L'entretien à la chaîne de télévision ABC News a eu lieu alors qu'il se trouvait au Liberia lors d'une tournée africaine sur le thème du sida pour sa fondation. ABC News raconte dans un article sur son site web que l'ex-président a d'abord déclaré qu'il ne voulait pas ressasser de vieilles histoires alors qu'il était interrogé sur son éventuelle responsabilité dans la défaite de son épouse. Mais ensuite, il s'est mis à défendre son rôle et à accuser les médias. A la question: "Est ce que personnellement vous avez des regrets sur ce que vous avez fait, en faisant campagne pour votre épouse?". Il a répondu: "Oui, mais pas ceux auxquels vous pensez. Et ce serait contreproductif pour moi d'en parler (...) Il y a des choses que j'aurais aimé lui dire de faire. Des choses que j'aurais aimé dire et des choses que j'aurais aimé ne pas dire". "Mais je ne suis pas un raciste", a-t-il poursuivi. "Je n'ai pas fait de commentaire raciste et je ne l'ai jamais attaqué (Obama) personnellement". ll faisait référence à ses propos au moment de la primaire de Caroline du Sud qui a suscité la colère de la communauté noire. Après la victoire d'Obama contre sa femme dans cet Etat, il avait semblé limiter l'importance de la victoire en notant que Jesse Jackson avait gagné la Caroline du Sud en 1984 et en 1988 lors de précédentes primaires démocrates. L'ex-président a assuré qu'il n'était pas en colère contre Obama: "Je ne suis pas et je n'ai jamais été furieux contre le sénateur Obama".

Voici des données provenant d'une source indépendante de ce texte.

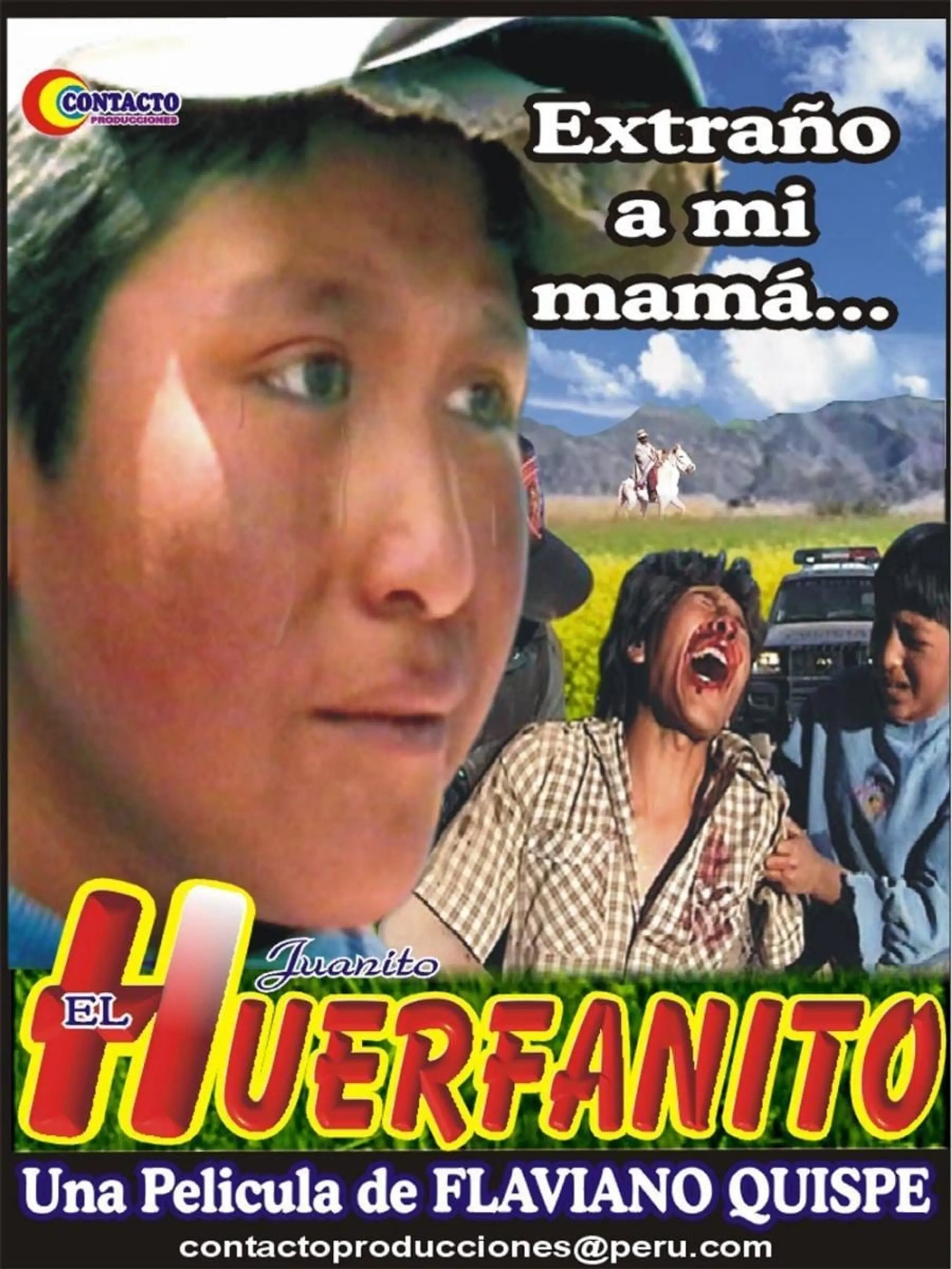 El Huerfanito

Bill a fini la campagne des primaires plutôt isolé, embarrassant ses amis par ses explosions de colère. Pendant des semaines, le monde politique et médiatique a décrit un ex-Président hors du coup, irascible, narcissique, multipliant les gaffes. « Qu’est-il arrivé à Bill Clinton ? Pendant des mois, cela a été un grand mystère de la campagne : comment l’homme politique le plus talentueux de sa génération pouvait-il devenir une incessante machine à gaffes », s'interrogeait en mai le journaliste Jonathan Darman dans Newsweek. Des hypothèses ont été avancées : l’ex-Président aurait passé trop de temps ces dernières années avec des milliardaires ou il aurait tenté inconsciemment de saboter la campagne de son épouse. Darman pensait plutôt que l’équipe de campagne d’Hillary avait décidé que Bill devait garder profil bas et ne pas trop déployer son charme. Et c’était un rôle que l’ex-Président avait du mal à endosser.
Le voyage en Afrique avant un discours à la Conférence internationale sur le sida cette semaine à Mexico était l'occasion pour Bill Clinton de retrouver une posture d'ancien président, sage parmi les sages, qu'il a perdue pendant la campagne des primaires. Mais son explosion d'amertume le fait apparaître de nouveau comme un has-been qui n’accepte pas que son heure de gloire soit passée et qui ne supporte pas l'idée que Barack Obama puisse le transformer définitivement en retraité de la politique.